【投稿者:りなさん】
これは今から2年前、私が24歳だった春のことです。
マッチングアプリで出会った同い年の男性と会うことになりました。
場所は私の最寄駅からすぐ近くにあるショッピングモール。
カフェでお茶をして、買い物をしたらすぐに帰る予定でした。
しかし、当日会った彼はどこか寂し気な表情でこう言います。
「できれば夜ご飯までご一緒させてもらえたら嬉しいな…」
彼は一人暮らしをしていると聞いていたので、寂しいのかなと思い、晩ご飯も一緒に食べることに。
なぜか、彼とショッピングモールにいる間、少し変なことが起こるのです。
私たちが歩いている真正面から、電動シルバーカーに乗ったおじいさんがものすごい勢いで彼に追突。
しかし、おじいさんは素知らぬ顔のまま、謝罪の一言もなく去って行きます。
カフェに行っても、居酒屋に行っても、店員には必ず「おひとりさまですか?」と言われます。
まるで、他の人からは彼の姿が見えていないような感じです。
帰り際、少し怖くなった私は、早めに切り上げて帰ろうとしましたが、なかなか話が終わりません。
話の内容はあまり覚えていませんが、「今日は楽しかったね」「また会いたいね」など。
そんな言葉の繰り返しをしているうち、ようやく話が途切れ、帰れたのは夜の21時過ぎ。
家に帰ると、母がこんなことを言うのです。
「さっき家の前にいたでしょ?」
母の話では、若い男女の話し声がするため外を見ると、家の近くにある電柱に私と男性の姿が見えたとのこと。

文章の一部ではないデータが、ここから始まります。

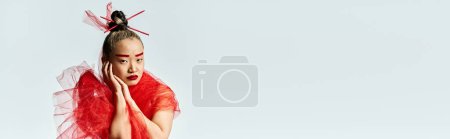 Téléchargez les photos : Une femme asiatique vibrante dans une robe rouge frappante posant avec un voile rouge. - en image libre de droit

しかし、私はさっきまで最寄り駅で彼と話し、最寄駅から1人で徒歩で帰って来たのです。
一体何がなんやら分からないまま。
疲れていたので風呂に入り、寝る前にネットニュースを見ていた時、こんな記事を見つけました。
「JR〇〇駅で人身事故発生」
20代の男性が、ホームから落ちた80代の高齢者を助けるためにホームに降り、そのまま電車にはねられたとのこと。
事故が起きたのは、偶然にも彼との待ち合わせ時間から30分ほど前の時間でした。
ふと、私は彼とのデートを思い返しました。
電動シルバーカーに乗ったおじいさんが彼にぶつかったにもかかわらず、謝りもしない。
カフェや居酒屋では、店員に必ず「おひとりさまですか?」と尋ねられる。
そして、母が見たという私と男性の姿って…?
私は一気に怖くなり、布団をかぶったまま一睡もできず、そのまま朝を迎えました。
彼からはその後一切連絡がなかったため、私からブロックしておきました。
もしかして、彼は亡くなった後も私との初デートに来てくれていたのでしょうか?